• Hardware Platform (Jetson / GPU) GPU
• DeepStream Version 6.1.1
• TensorRT Version 8.5.2
• NVIDIA GPU Driver Version (valid for GPU only) Driver Version: 520.61.05 CUDA Version: 11.8
• Issue Type( questions, new requirements, bugs) question
Hello
I am willing to write a custom backend Triton server using Python, for a RCNN network my company developed.

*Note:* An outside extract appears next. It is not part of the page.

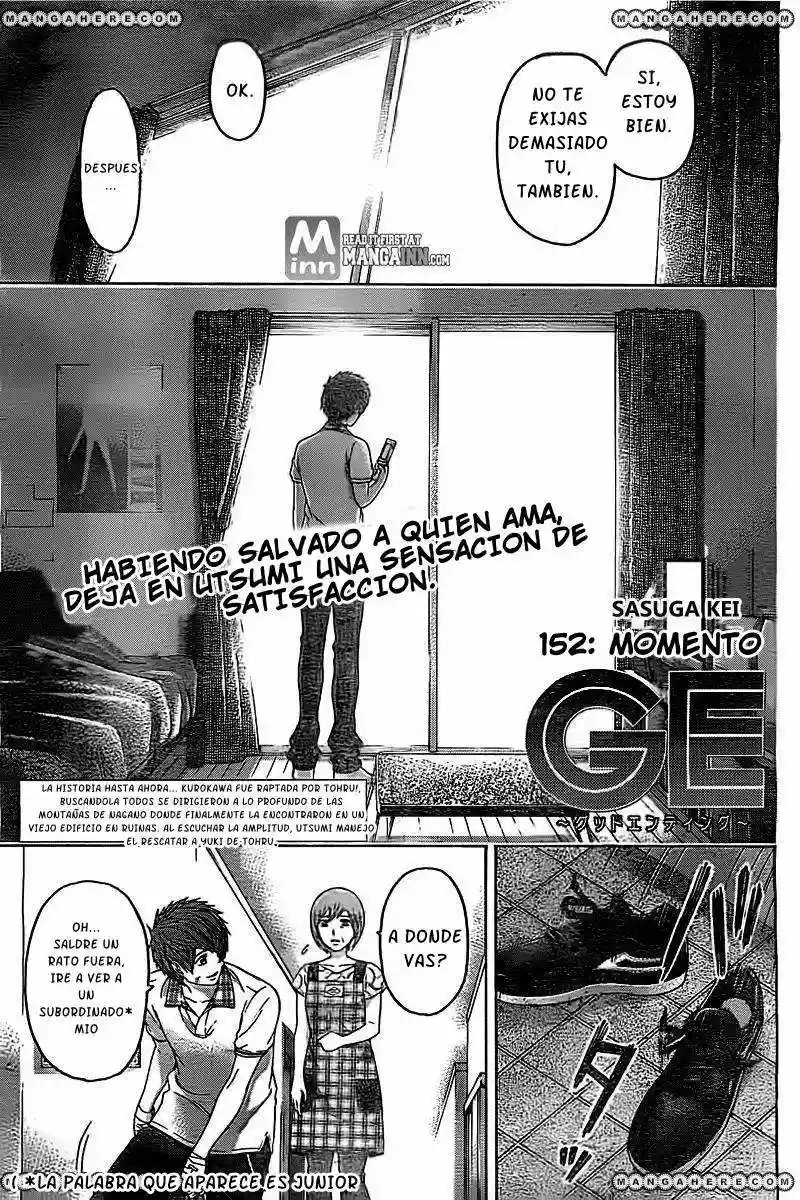 Read GE_ Good Ending es Manga Online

I am fairly familiar with Deepstream SDK, my question is how to define the python backend within deepstream - this has very little documentation. As I understood from here:
https://docs.nvidia.com/metropolis/deepstream/dev-guide/text/DS_plugin_gst-nvinferserver.html
I should specify in my inferserver config fiel specify:
infer_config {
unique_id: 1
gpu_ids: [0]
max_batch_size: 1
backend {
triton {
# model_name: "smoke_32"
version: -1
model_repo {
root: "./triton_model_repo"
log_level: 1
strict_model_config: true
# Triton runtime would reserve 64MB pinned memory
pinned_memory_pool_byte_size: 67108864
# Triton runtim would reserve 64MB CUDA device memory on GPU 0
cuda_device_memory { device: 0, memory_pool_byte_size: 67108864 }
**backend_dir: "path/to/my/python/backend/files"**
}
}
output_mem_type: MEMORY_TYPE_CPU
}
But I just can’t understand the file structure for the backend dir…
Please help!
Guy